→ **Given data**:
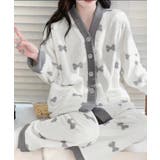 リボン柄 フリースルームウエア上下セット | SUNSHINE CLOSET | 詳細画像4 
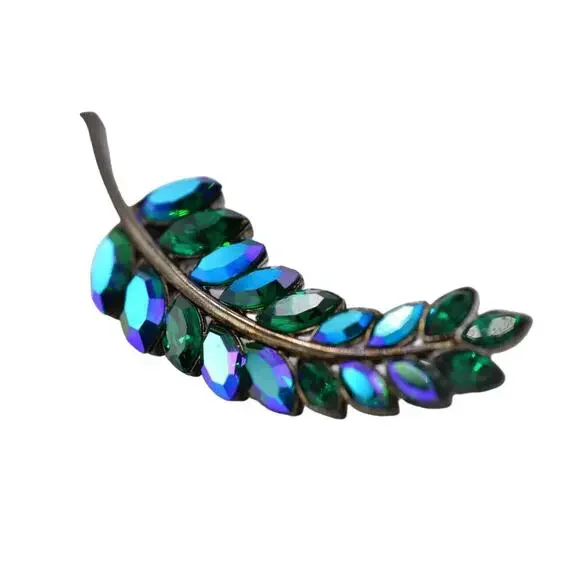 Givenchy Crystal Leaf Brooch Pin Blue Green Runway Rare Signed Vintage 90s Bin8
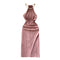 Sleeveless Pink Dress with Pearl Neckline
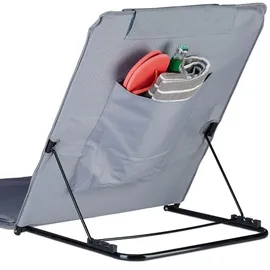 Relaxdays Strandmatte XXL 60 x 195 x 63 cm Grau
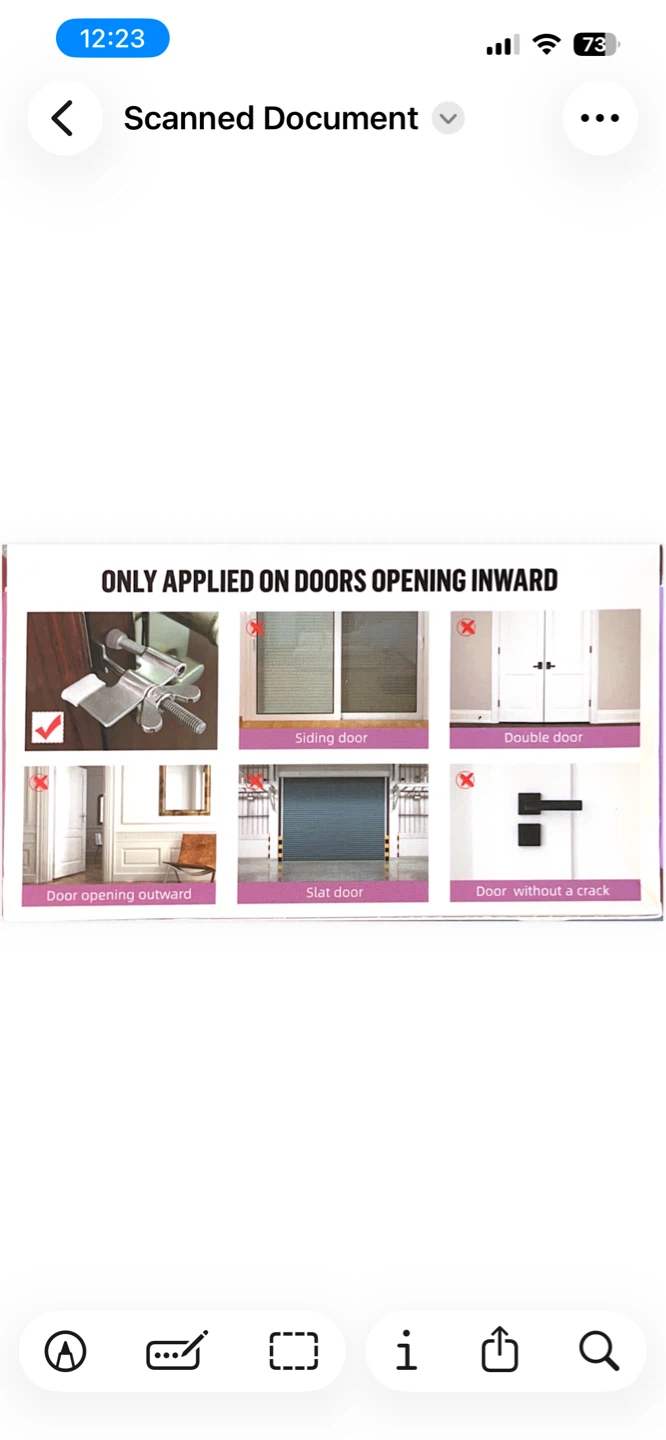 Portable Door Lock for Inward Opening Doors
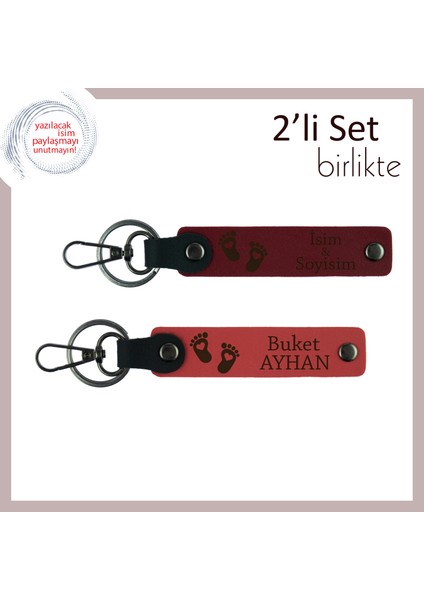 Yeni Aile Üyesine Hatıra Olarak Kalıcı Set, Kalpli Bebek Ayağı Temalı Isimli Anahtarlık, Bordo-Nar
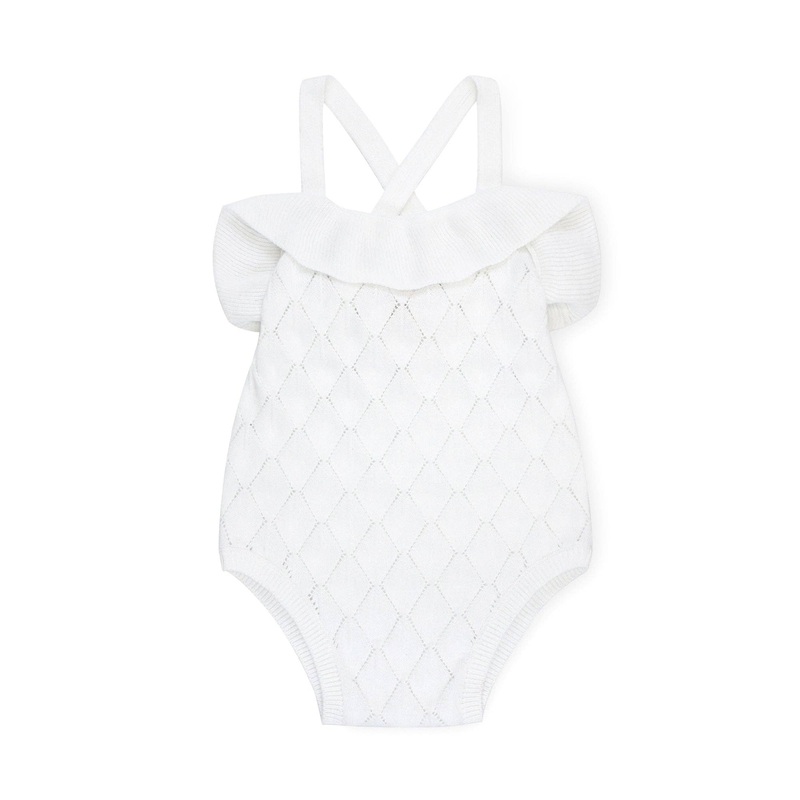 Hope and Henry - Ruffle Sweater Romper White Diamond Pointelle 0-3 Months
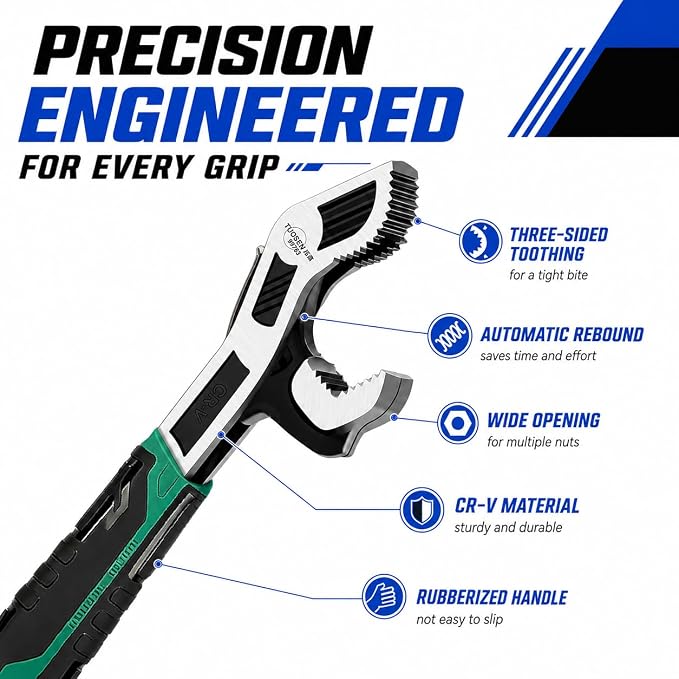 2-Piece Self-Adjusting Pipe Wrench Set, 6 and 10 Inch CR-V Steel Plumbing Wrenches, 15-35 mm Jaw Capacity for Pipes, Fittings, Nuts and Bolts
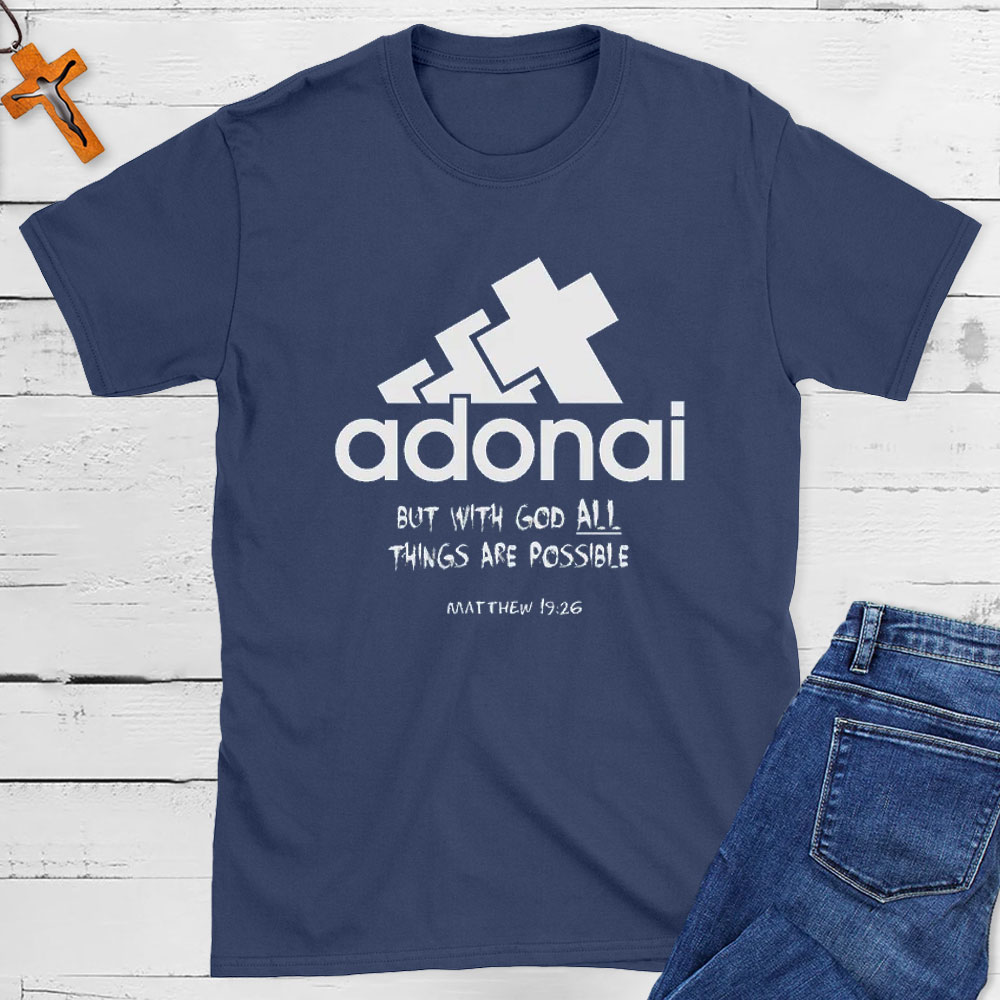 With God All Things are Possible Christian Bible Verse Shirt With God All Things are Possible Christian Bible Verse Shirt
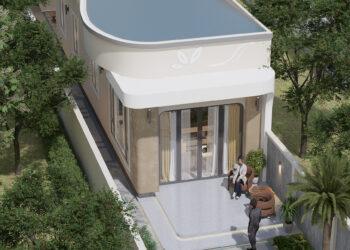 Mẫu nhà xonh 5x20m có sân vườn 1 tầng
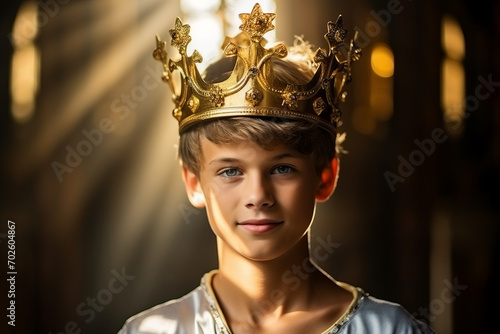 Portrait of a young Prince heir wearing a golden crown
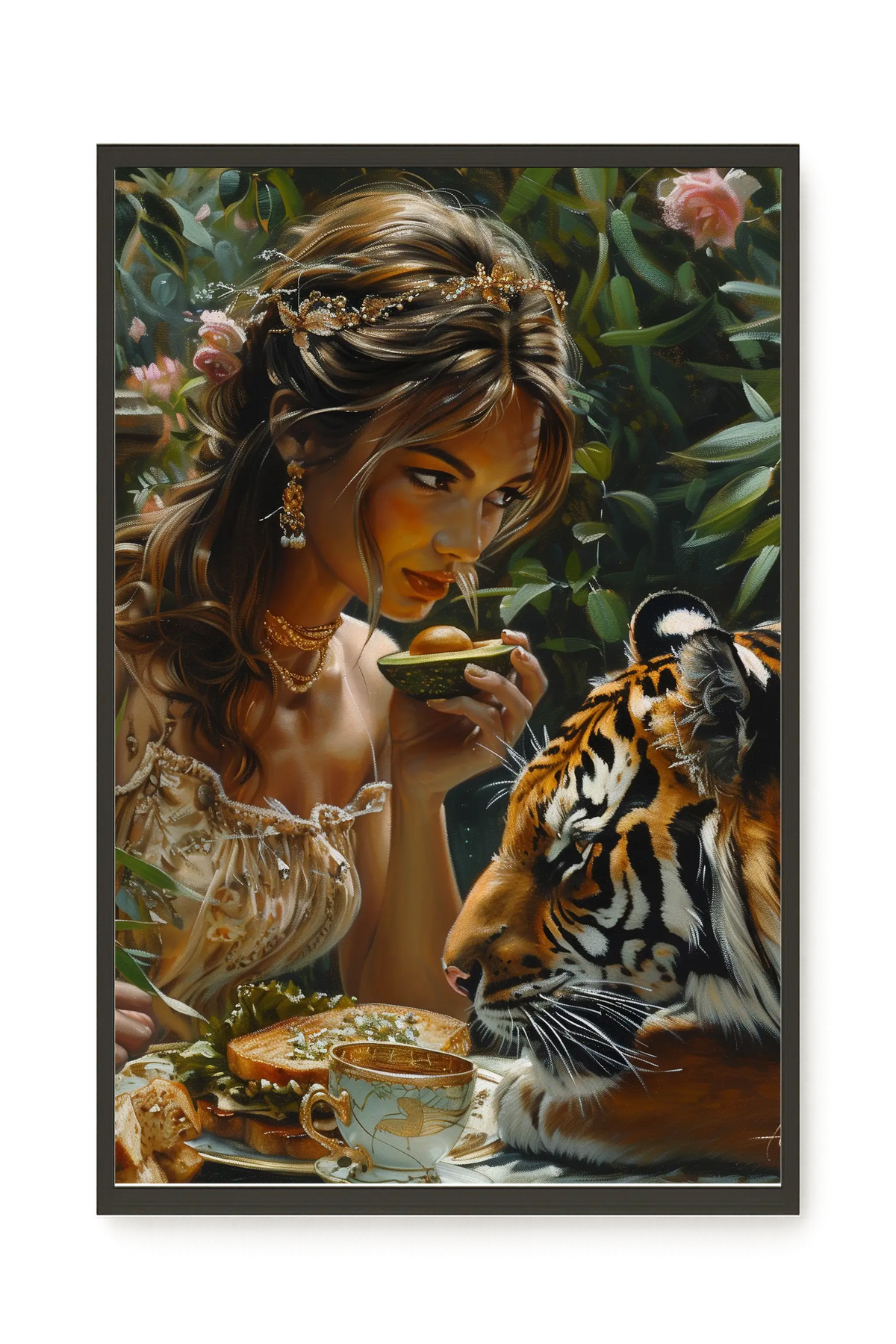 Tea with Tiger Canvas Wall Art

→ **Problem details**: Each of the entries above must be copied exactly, but the pictures stay out.

→ **Problem solution**:
 リボン柄 フリースルームウエア上下セット | SUNSHINE CLOSET | 詳細画像4 
 Givenchy Crystal Leaf Brooch Pin Blue Green Runway Rare Signed Vintage 90s Bin8
 Sleeveless Pink Dress with Pearl Neckline
 Relaxdays Strandmatte XXL 60 x 195 x 63 cm Grau
 Portable Door Lock for Inward Opening Doors
 Yeni Aile Üyesine Hatıra Olarak Kalıcı Set, Kalpli Bebek Ayağı Temalı Isimli Anahtarlık, Bordo-Nar
 Hope and Henry - Ruffle Sweater Romper White Diamond Pointelle 0-3 Months
 2-Piece Self-Adjusting Pipe Wrench Set, 6 and 10 Inch CR-V Steel Plumbing Wrenches, 15-35 mm Jaw Capacity for Pipes, Fittings, Nuts and Bolts
 With God All Things are Possible Christian Bible Verse Shirt With God All Things are Possible Christian Bible Verse Shirt
 Mẫu nhà xonh 5x20m có sân vườn 1 tầng
 Portrait of a young Prince heir wearing a golden crown
 Tea with Tiger Canvas Wall Art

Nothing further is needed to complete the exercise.